**Task instructions**
Repeat the data below in full. Pictures must not be part of the copy.

━━━ Input data ━━━

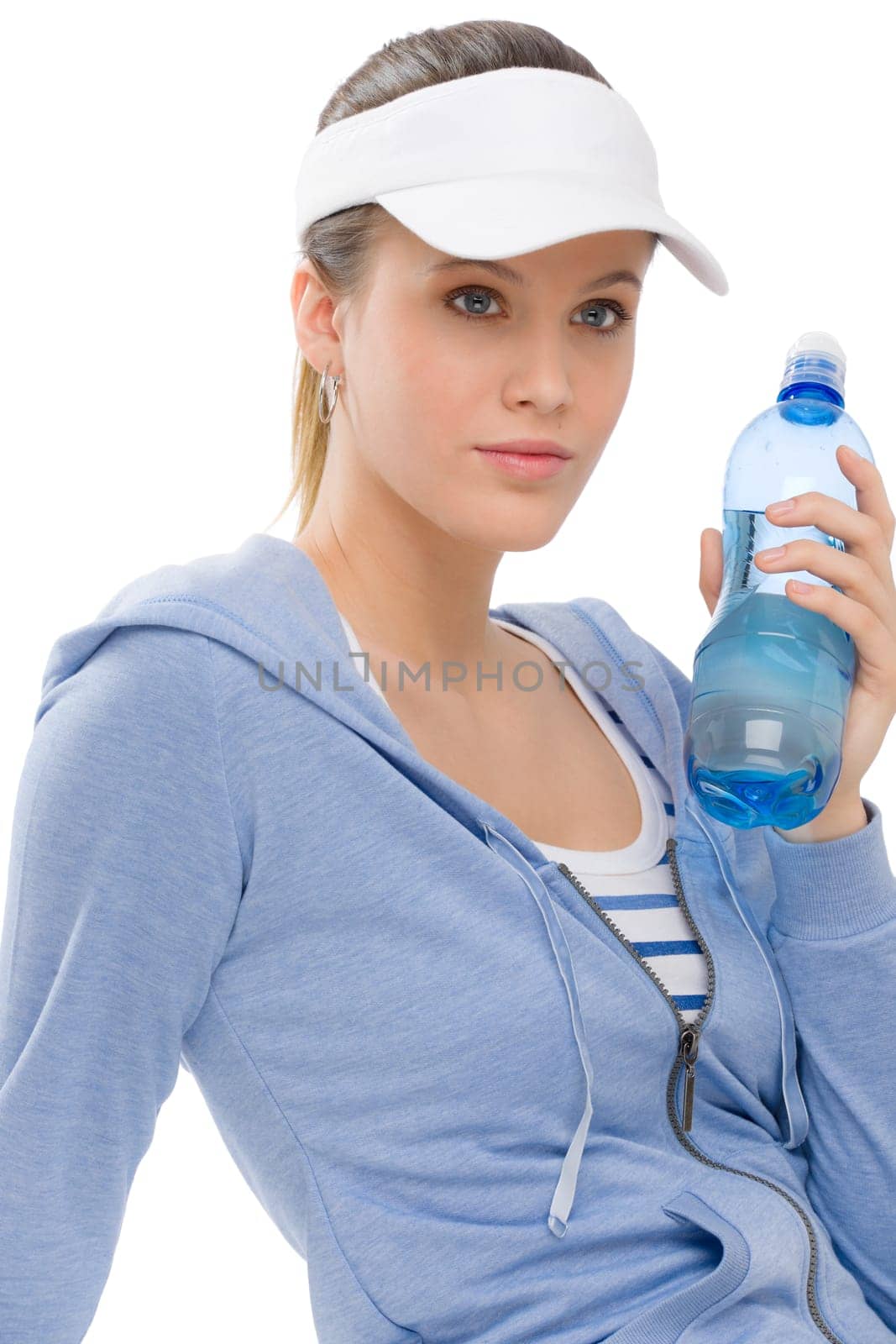 Sport - young woman in summer fitness outfit with water bottle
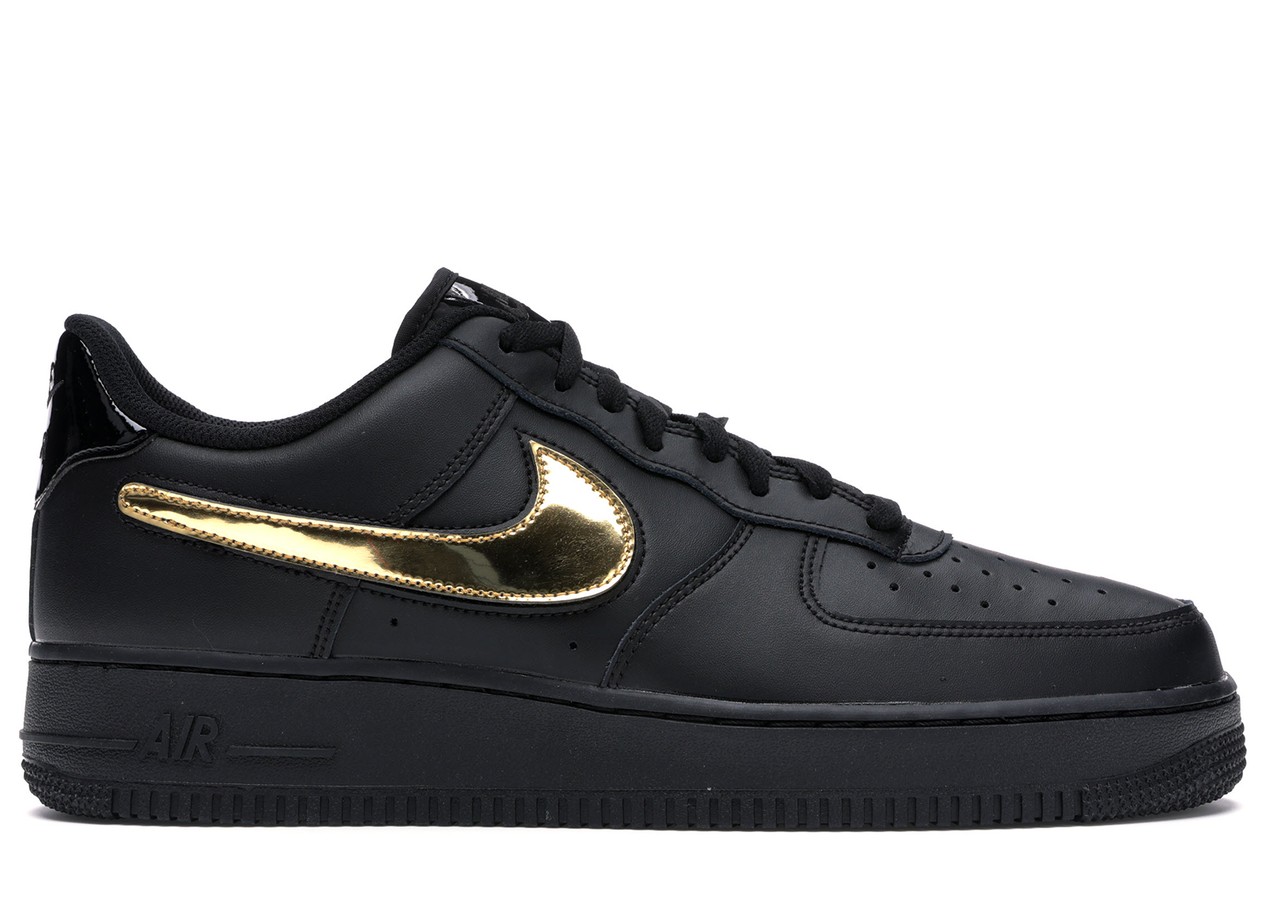 Nike Air Force 1 Black Metallic Gold Removable Swoosh Pack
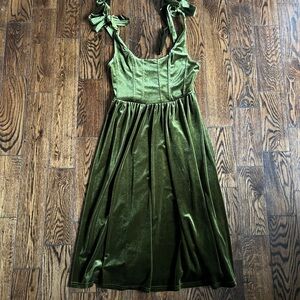 Cider Olive Green Velvet Midi Dress with Tie Straps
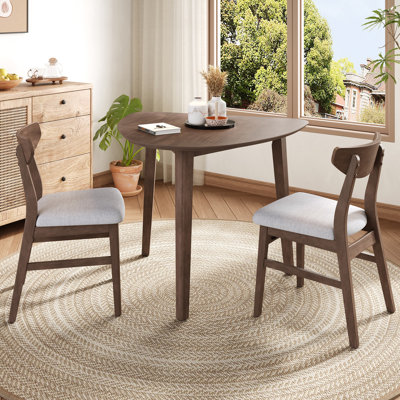 Ensemble de table moderne 3 pièces - table d'appoint triangulaire et 2 chaises en bois courbé, finitions brunes minimalistes peu encombrantes pour le salon, la cuisine, les petits espaces, faciles à assembler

━━━

**Response to the exercise**
 Sport - young woman in summer fitness outfit with water bottle
 Nike Air Force 1 Black Metallic Gold Removable Swoosh Pack
 Cider Olive Green Velvet Midi Dress with Tie Straps
 Ensemble de table moderne 3 pièces - table d'appoint triangulaire et 2 chaises en bois courbé, finitions brunes minimalistes peu encombrantes pour le salon, la cuisine, les petits espaces, faciles à assembler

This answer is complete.